Return the following from the records below: each line, word for word, starting with the line that contains "A jar of protein" and going on through the line that contains "Golden-brown High-Protein Pepperoni", with nothing outside that range.

[Entries shown Boundary: Start]

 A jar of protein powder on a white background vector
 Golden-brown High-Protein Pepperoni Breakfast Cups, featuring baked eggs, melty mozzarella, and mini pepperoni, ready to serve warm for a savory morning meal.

[Entries shown Boundary: End]
[Entries shown Boundary: Start]

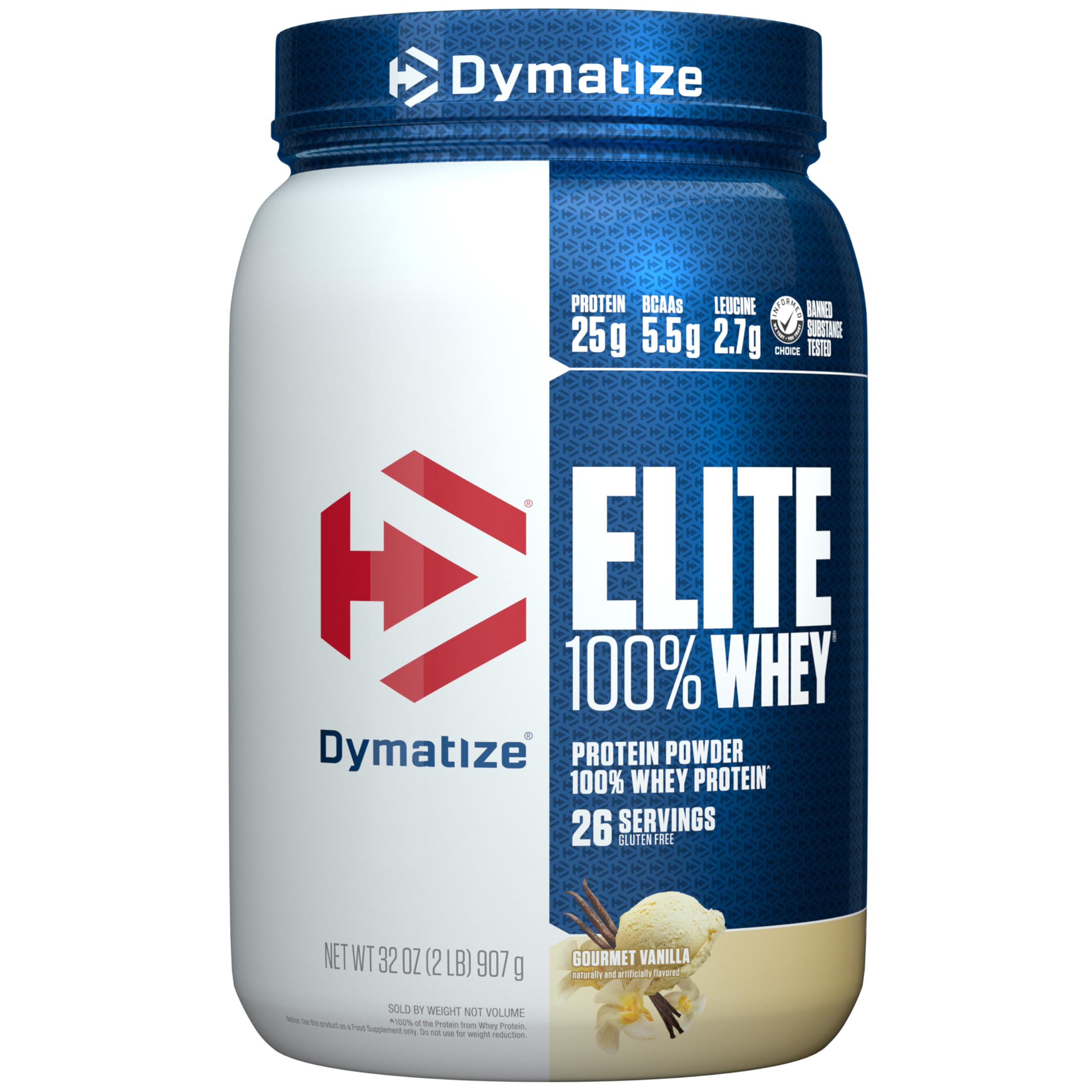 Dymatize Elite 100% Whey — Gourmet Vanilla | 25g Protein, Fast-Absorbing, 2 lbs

[Entries shown Boundary: End]

Answer box:
 A jar of protein powder on a white background vector
 Golden-brown High-Protein Pepperoni Breakfast Cups, featuring baked eggs, melty mozzarella, and mini pepperoni, ready to serve warm for a savory morning meal.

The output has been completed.